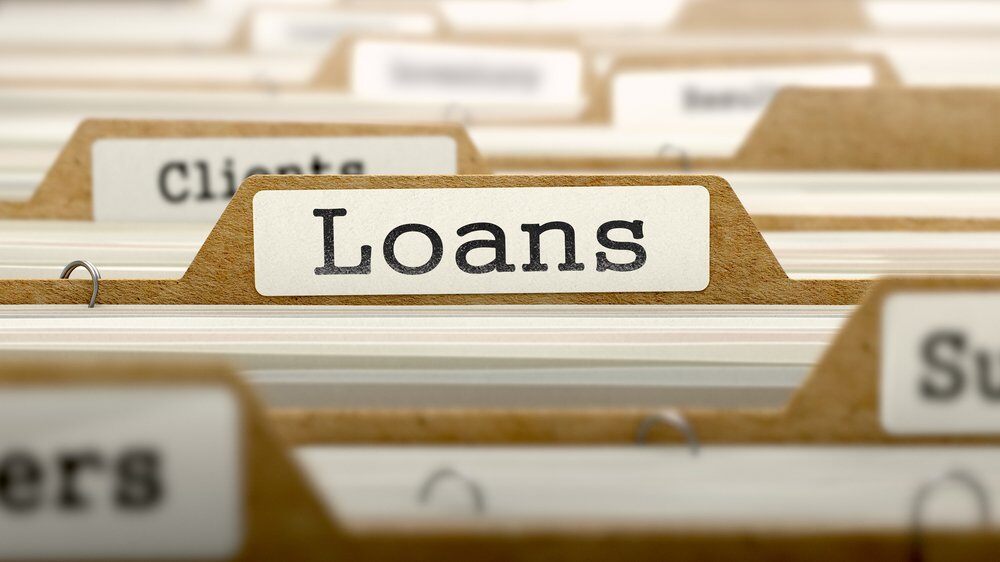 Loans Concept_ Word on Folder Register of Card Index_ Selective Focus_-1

...

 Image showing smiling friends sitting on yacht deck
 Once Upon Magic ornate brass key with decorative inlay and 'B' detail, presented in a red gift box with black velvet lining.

» **ACTIVITY**
Your task is to retype the entries verbatim, starting with the line that holds "Image showing smiling" and stopping after the line that holds "Once Upon Magic".

» **TASK SOLUTION**
 Image showing smiling friends sitting on yacht deck
 Once Upon Magic ornate brass key with decorative inlay and 'B' detail, presented in a red gift box with black velvet lining.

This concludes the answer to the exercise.